Fragt sich die Schwiegermutter. Sollen wir verhungern. Meine Tochter weint sich die Augen aus. Was soll denn all dieses Gerede von einer neuen Sehnsucht, einer neuen Lebens-wirklichkeit in meinem Herzen, der ich folgen muss.
Jetzt höre ich, dass der ganze Verein bei mir zu Besuch kommt, inklusive des abgehauenen Schwiegersohns. Ich für die Kaffee kochen und Kuchen backen? Fällt mir nicht ein. Da streike ich, ich leg mich ins Bett und werde krank.
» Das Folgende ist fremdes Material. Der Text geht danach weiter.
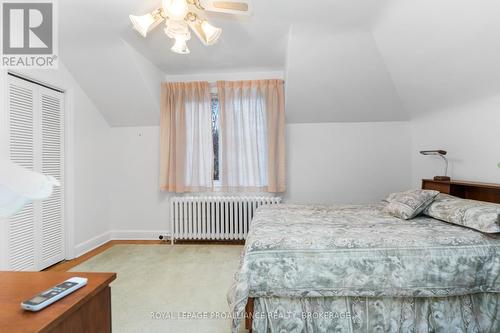 520 College Street, Kingston (Central City East), ON - Indoor Photo Showing Bedroom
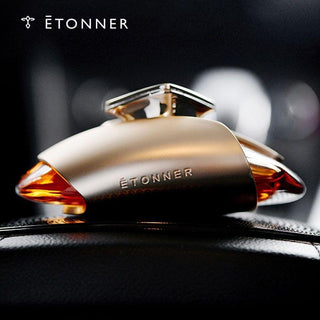 ETONNER CONQUER IN CHAMONIX - ORINGINAL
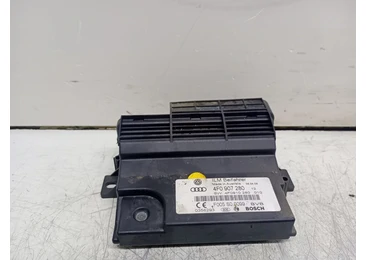Modul confort 4F0907280 Audi A6 4F/C6 (2004 - 2008) 2.0 tdi BRE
In dem Augenblick geschieht etwas ganz Unerwartetes. Jesus betritt das
Krankenzimmer. Er sagt nichts. Er berührt die Stirn diese kranken, gekränkten Frau.Jemanden berühren im damaligen Israel hieß: Ich gebe dir alle Zuwendung, die in mir steckt, ich verstehe dich bis auf den Grund deiner Seele. Da weicht das Fieber, der ganze Trotz, die Kränkung, das
Beleidigtsein weicht von der Frau. Da ist nur noch Liebe zwischen diesen
beiden, da ist der Himmel zwischen ihnen. Plötzlich erkennt diese Frau:
Es gibt etwas Wichtigeres im Leben als materielle Absicherung.
Sich von Menschen, sich Gott berühren zu lassen, das hat eine entscheidende Lebenspriorität. Er legt die hand auf die Stirn; Hinter der Stirn sind all die Gedanken, die Gefühle eines Menschen. In der Nähe Jesu kommen sie zur Ruhe. Das ist die letzte innere Notwendigkeit unserer Sehnsucht: Bei Gott ausruhen zu dürfen, im Stillen Gebet, in der Kontemplation, der Begegnung mit Menschen, im meditativen Tanz.